How to Run the Sample

Once you have set up either the emulator or deployed scheduler, follow these steps to run the sample:

  1. First, activate your Python virtual environment (if you're using one):
python -m venv venv
source venv/bin/activate  # On Windows, use: venv\Scripts\activate
  1. If you're using a deployed scheduler, you need set Environment Variables:
export ENDPOINT=$(az durabletask scheduler show \
    --resource-group my-resource-group \
    --name my-scheduler \
    --query "properties.endpoint" \
    --output tsv)

export TASKHUB="my-taskhub"
  1. Start the worker in a terminal:

    python worker.py

    You should see output indicating the worker has started and registered the orchestration and activities.

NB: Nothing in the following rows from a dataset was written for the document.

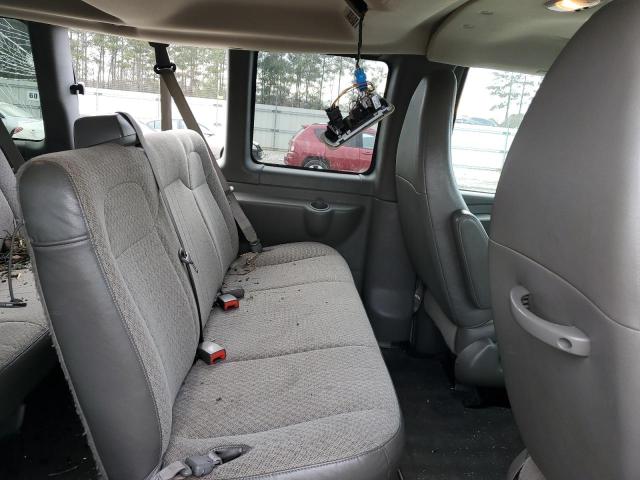 Photo 11 from auction – 2014 CHEVROLET EXPRESS G1 with VIN 1GNSGBF44E1184345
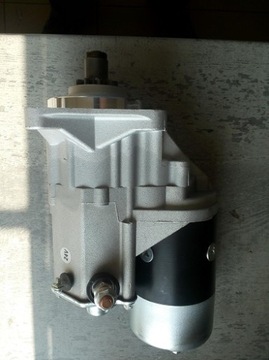 Rozrusznik silnik PERKINS 1104D-44, HANGCHA CPCD45RXW35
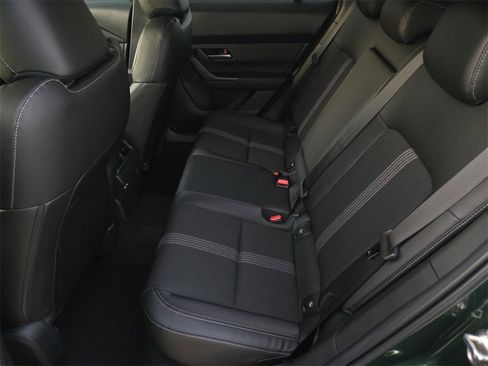 New 2026 MAZDA CX-50 AWD 2.5 S w/ Cargo Package image 12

  2. In a new terminal (with the virtual environment activated if applicable), run the client:

Note: Remember to set the environment variables again if you're using a deployed scheduler.

python client.py

This will launch an interactive console client that creates an approval request and waits for your response.

Identity-based authentication

Learn how to set up identity-based authentication when you deploy the app Azure.

Understanding the Output

When you run the sample, you'll see output from both the worker and client processes:

Worker Output

The worker shows:

  • Registration of the orchestrator and activities
  • Logging when the approval request is submitted
  • The orchestrator waiting for an external event (your approval)
  • Processing of the approval once received (or timeout handling)

Client Output

The client shows:

  • Creating a new approval request with a unique ID
  • Initial status of the request (Pending)
  • Prompting you to approve or reject the request (press Enter to approve, type "reject" to reject)
  • Submitting your response
  • Final status showing the outcome (Approved, Rejected, or Timeout)

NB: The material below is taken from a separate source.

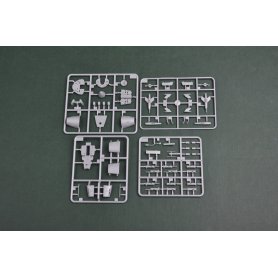 Hobby Boss 1:48 Messerschmitt Me-262 A-1b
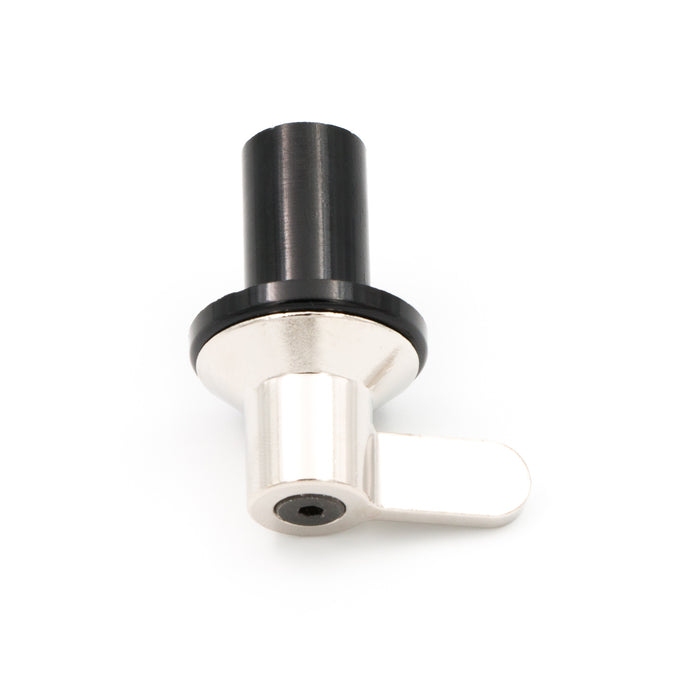 Stainless Steel Oven Knob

The example demonstrates how a workflow can pause execution while waiting for human input, then continue processing once the input is received or a timeout occurs.

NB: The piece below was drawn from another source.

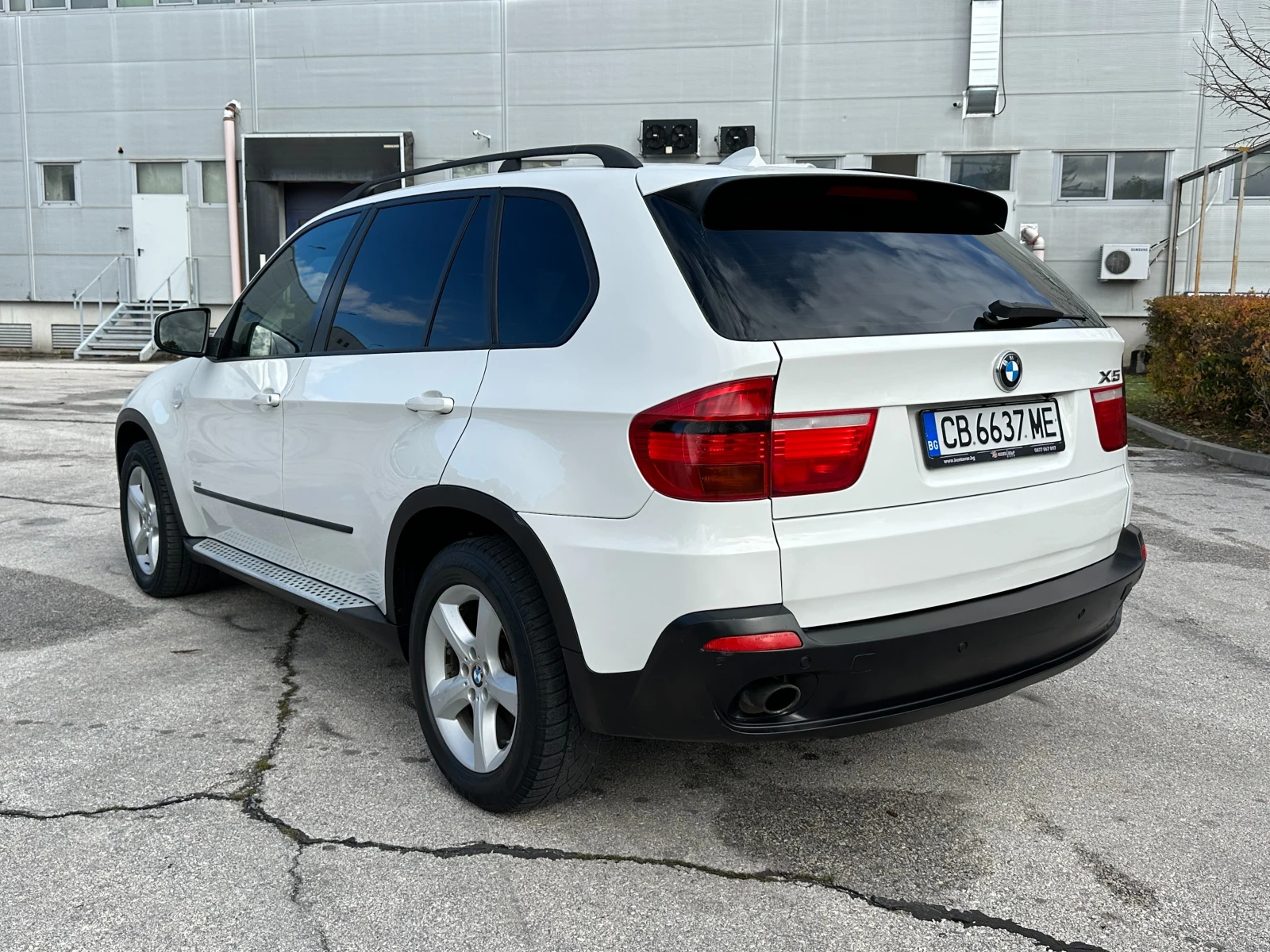 BMW X5 3.0i 264 .. / | Mobile.bg   3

Reviewing the Orchestration in the Durable Task Scheduler Dashboard

To access the Durable Task Scheduler Dashboard and review your orchestration:

Using the Emulator

  1. Navigate to http://localhost:8082 in your web browser
  2. Click on the "default" task hub
  3. You'll see the orchestration instance in the list
  4. Click on the instance ID to view the execution details, which will show:
    • The call to the submit_approval_request activity
    • The waiting period for an external event
    • The potential parallel timeout task
    • The reception of the external event (if approved before timeout)
    • The call to the process_approval activity with the decision
    • The final result

Using a Deployed Scheduler

  1. Navigate to the Scheduler resource in the Azure portal
  2. Go to the Task Hub subresource that you're using
  3. Click on the dashboard URL in the top right corner
  4. Search for your orchestration instance ID
  5. Review the execution details

The dashboard visualizes how the orchestration pauses while waiting for human input, showing the power of durable orchestrations to maintain state across long-running operations even when waiting for external events.